EXERCISE OBJECTIVE: With the images left out, print all of the records below exactly.

Start of RECORDS TO USE

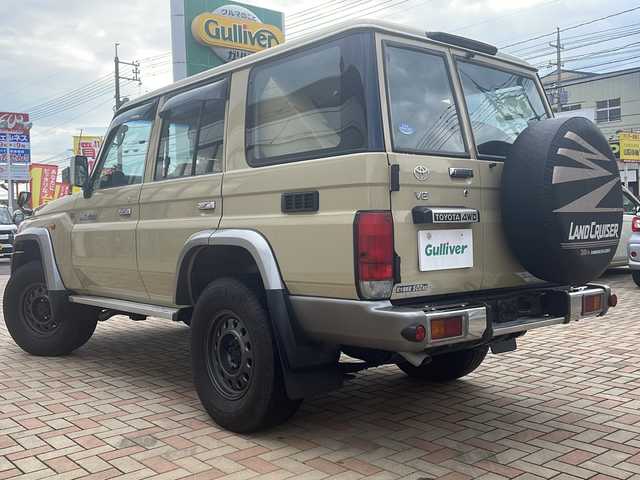 トヨタ ランドクルーザー 鳥取県 2015(平27)年 10万km ベージュ ワンオーナー/30thエンブレム/30th背面ソフトカバー/JAOS製16インチAW/全面クリアガラス/純正タンレザー車検証ケース/純正キーBOX/純正キーレスx２個/トランスファ4WD/５速マニュアル/センターデフロック/社外メモリナビ/フルセグ・Bluetooth/バックカメラ/社外後席モニター/社外ドライブレコーダー/リアクーラー・ヒーター/前席シートヒーター/純正ゴムマット/サイドステップ/電動オートアンテナ/メッキグリル/純正AWスタットレス4本積込/保証書・取説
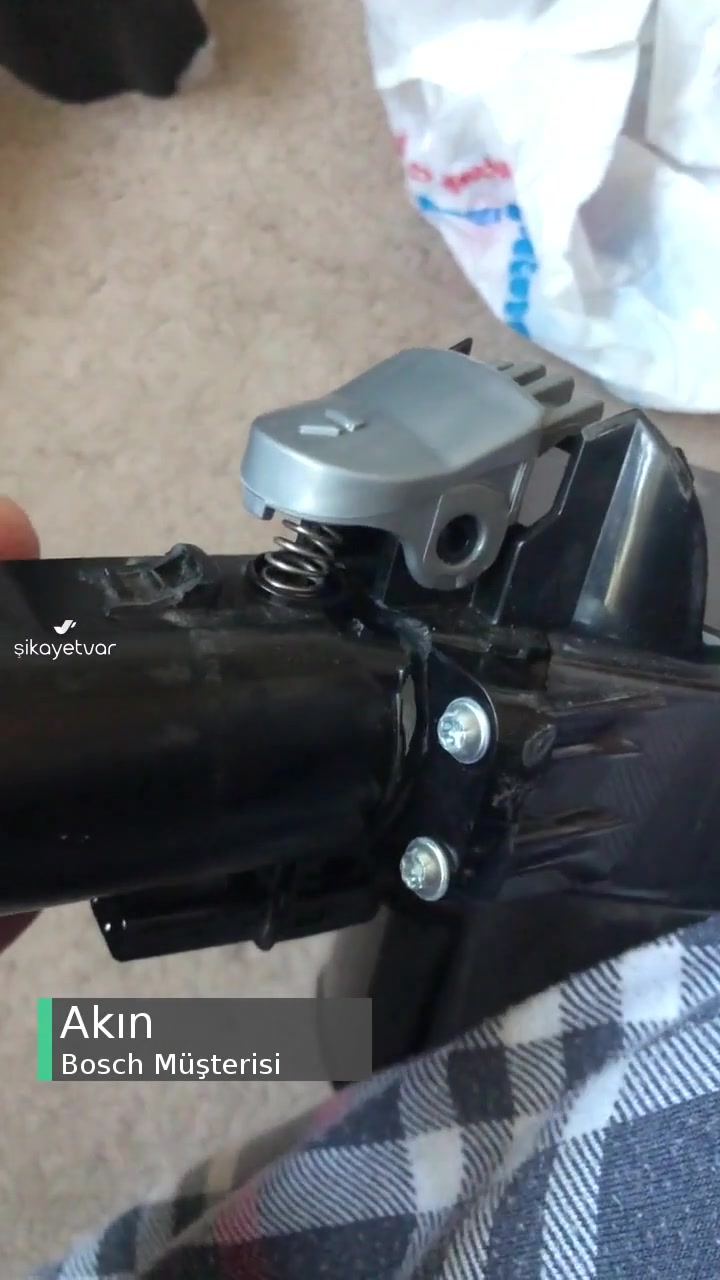 Bosch Dikey Süpürge Şikayeti! videonun kapak resmi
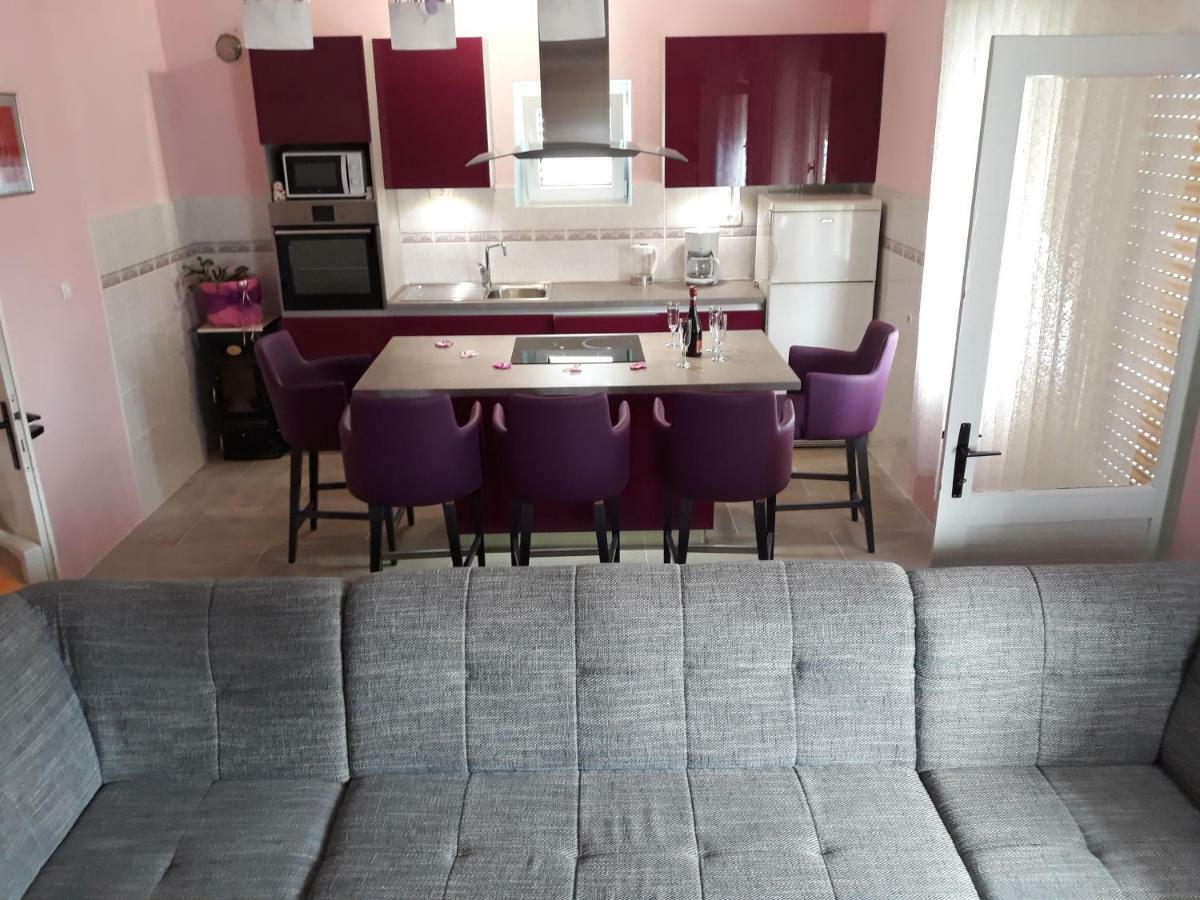 Apartment Vana Trogir Exteriör bild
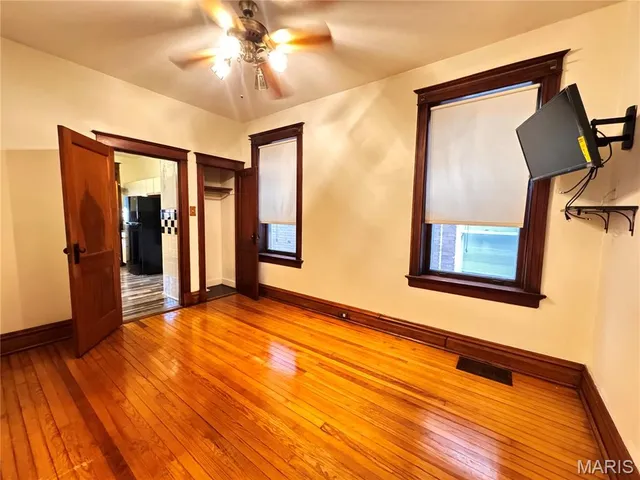 $1,200 | 4250 Michigan Avenue, Unit B, St. Louis, MO 63111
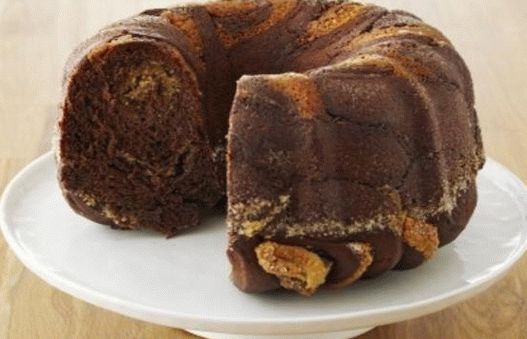 Foto Bolo de chocolate com nozes e brioche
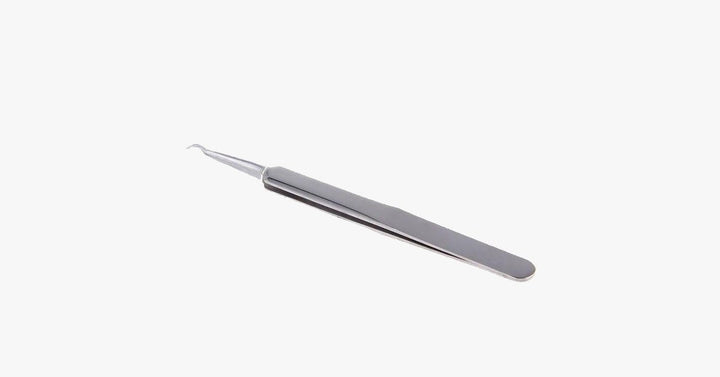 Lisslune | Safe use of blackhead remover tweezers - Provides precise grip on the blackheads without damaging the skin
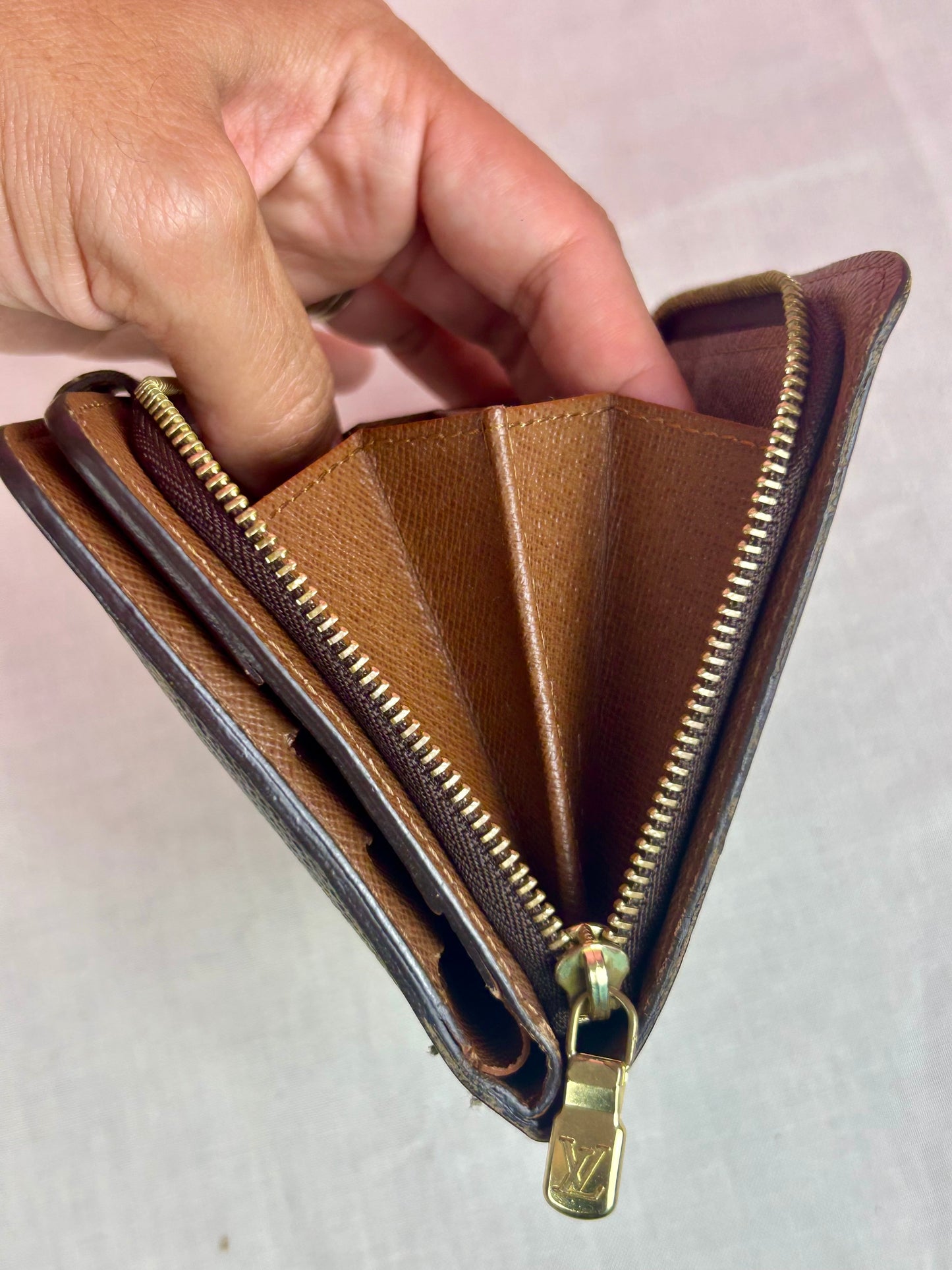 Vintage Compact Wallet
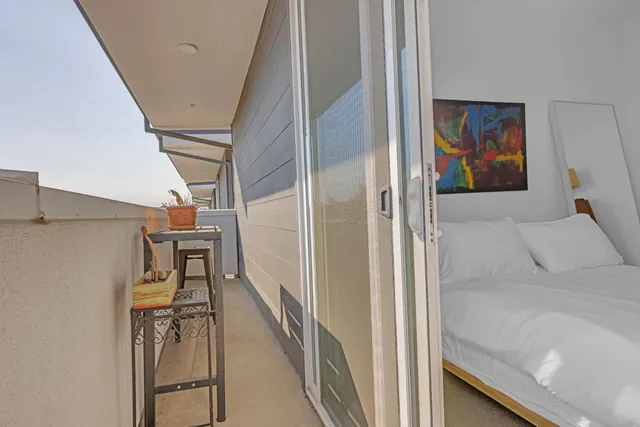 $365,000 | 2431 Cleat Lane, Unit 301, Sacramento, CA 95818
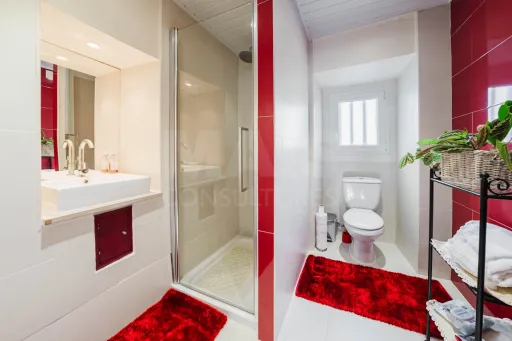 House within the walls of Óbidos Castle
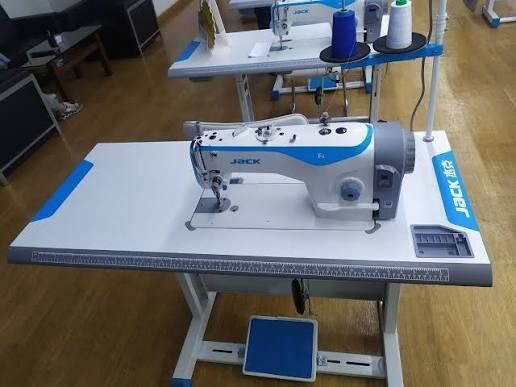 Tikuv mashina va avirlok sotiladi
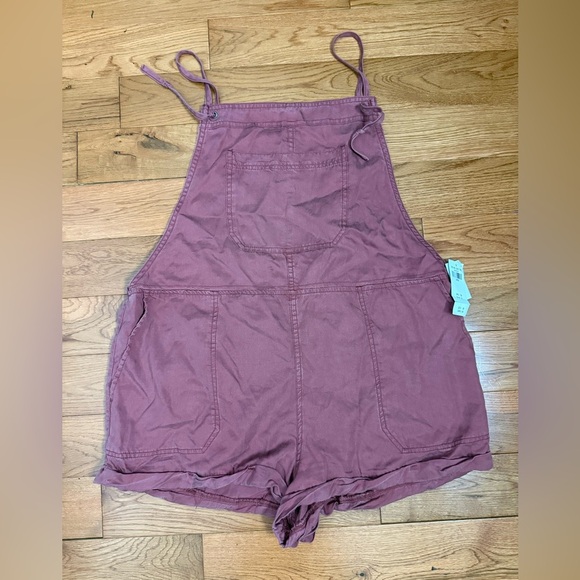 Abercrombie & Fitch Pants - Abercrombie & Fitch NWT Romper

End of RECORDS TO USE

REPLY TO THE TASK:
 トヨタ ランドクルーザー 鳥取県 2015(平27)年 10万km ベージュ ワンオーナー/30thエンブレム/30th背面ソフトカバー/JAOS製16インチAW/全面クリアガラス/純正タンレザー車検証ケース/純正キーBOX/純正キーレスx２個/トランスファ4WD/５速マニュアル/センターデフロック/社外メモリナビ/フルセグ・Bluetooth/バックカメラ/社外後席モニター/社外ドライブレコーダー/リアクーラー・ヒーター/前席シートヒーター/純正ゴムマット/サイドステップ/電動オートアンテナ/メッキグリル/純正AWスタットレス4本積込/保証書・取説
 Bosch Dikey Süpürge Şikayeti! videonun kapak resmi
 Apartment Vana Trogir Exteriör bild
 $1,200 | 4250 Michigan Avenue, Unit B, St. Louis, MO 63111
 Foto Bolo de chocolate com nozes e brioche
 Lisslune | Safe use of blackhead remover tweezers - Provides precise grip on the blackheads without damaging the skin
 Vintage Compact Wallet
 $365,000 | 2431 Cleat Lane, Unit 301, Sacramento, CA 95818
 House within the walls of Óbidos Castle
 Tikuv mashina va avirlok sotiladi
 Abercrombie & Fitch Pants - Abercrombie & Fitch NWT Romper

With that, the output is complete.